● TASK OBJECTIVE:
Copy every line of the data exactly, keeping out any picture.

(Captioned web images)
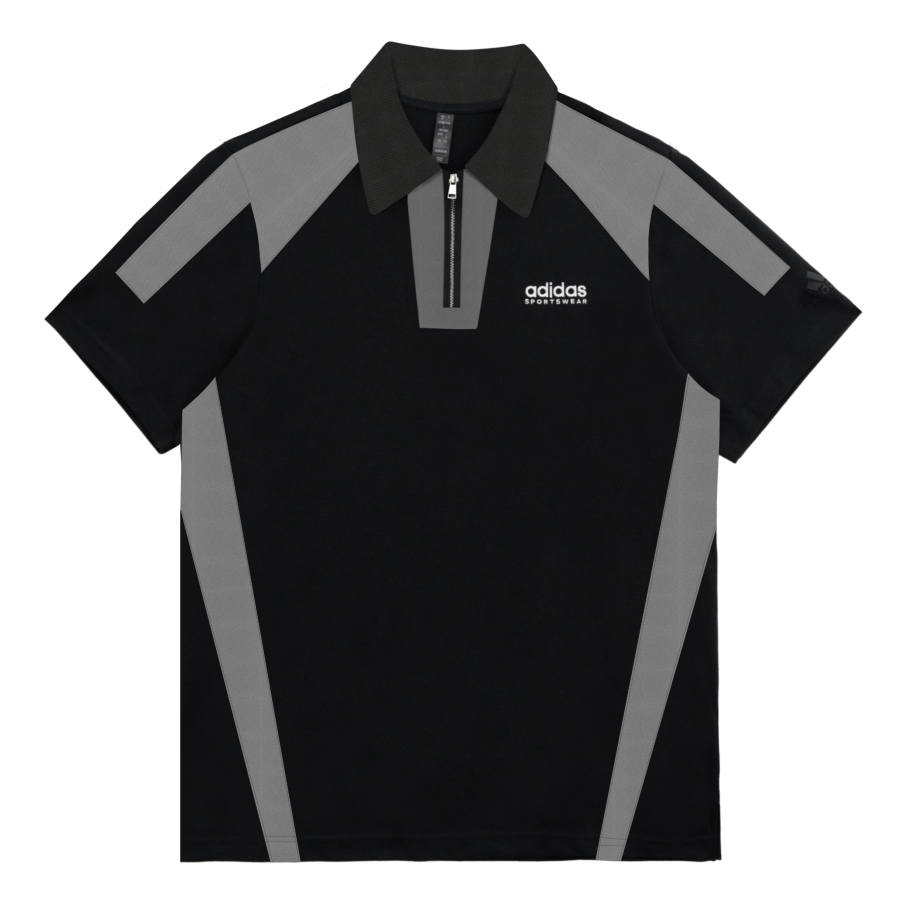 Adidas Adidas Polo Shirts Unisex Black Polo Collar Moderate Straight Fit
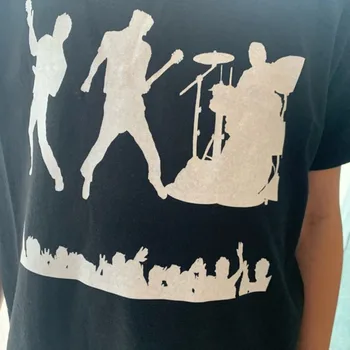 Rock Men ' s T-shirt Festivalul de Muzica de Imprimare Retro Rock Bumbac Unisex T-shirt cu Maneci Scurte Streetwear Boy Moda hip hop tricou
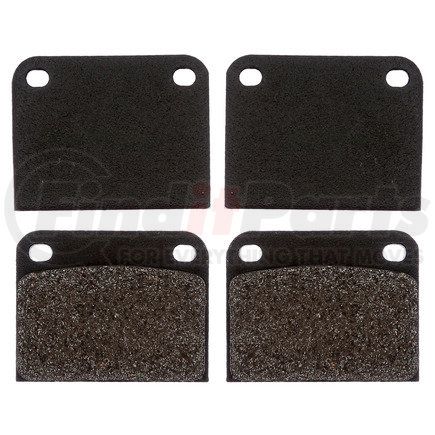 PG-D118 by RAYBESTOS - Raybestos Element3 Organic Brake Pad Set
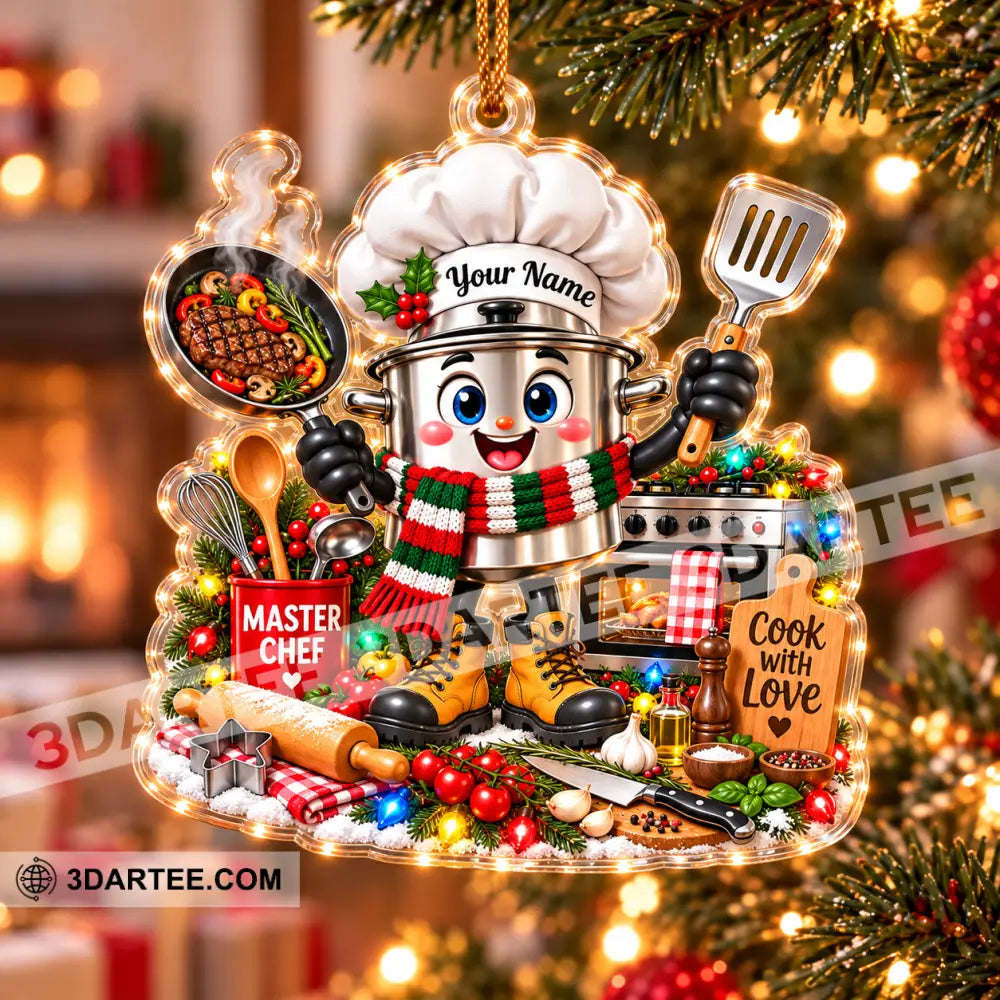Chef Home Decor Christmas Ornament Personalized Ornament - Ornament
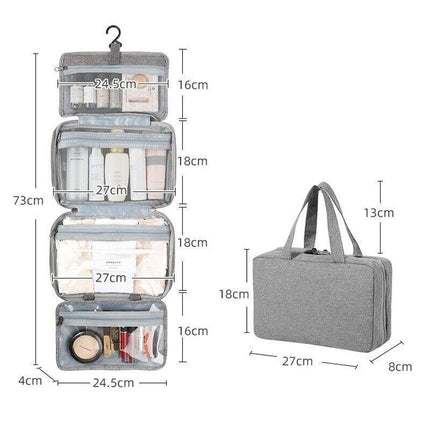 Large Hanging Hook Toiletry Bag Waterproof Travel Makeup Cosmetic Organizer Case - Aimall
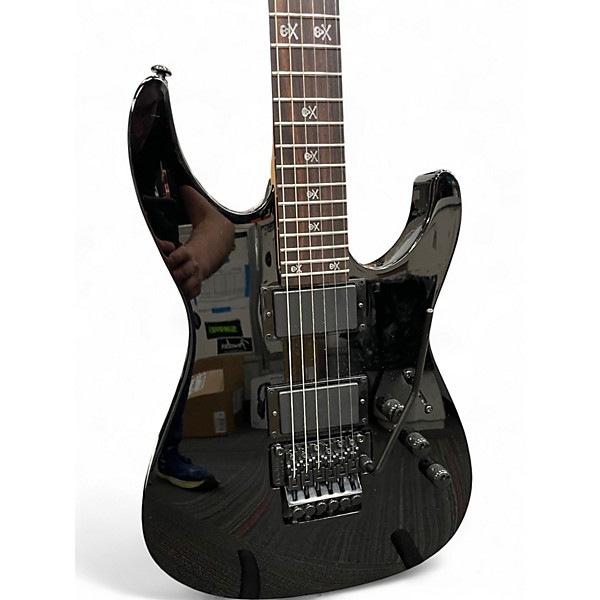 Used ESP LTD KH202 Kirk Hammett Signature Black Solid Body Electric Guitar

● YOUR RESPONSE:
 Adidas Adidas Polo Shirts Unisex Black Polo Collar Moderate Straight Fit
 Rock Men ' s T-shirt Festivalul de Muzica de Imprimare Retro Rock Bumbac Unisex T-shirt cu Maneci Scurte Streetwear Boy Moda hip hop tricou
 PG-D118 by RAYBESTOS - Raybestos Element3 Organic Brake Pad Set
Chef Home Decor Christmas Ornament Personalized Ornament - Ornament
 Large Hanging Hook Toiletry Bag Waterproof Travel Makeup Cosmetic Organizer Case - Aimall
 Used ESP LTD KH202 Kirk Hammett Signature Black Solid Body Electric Guitar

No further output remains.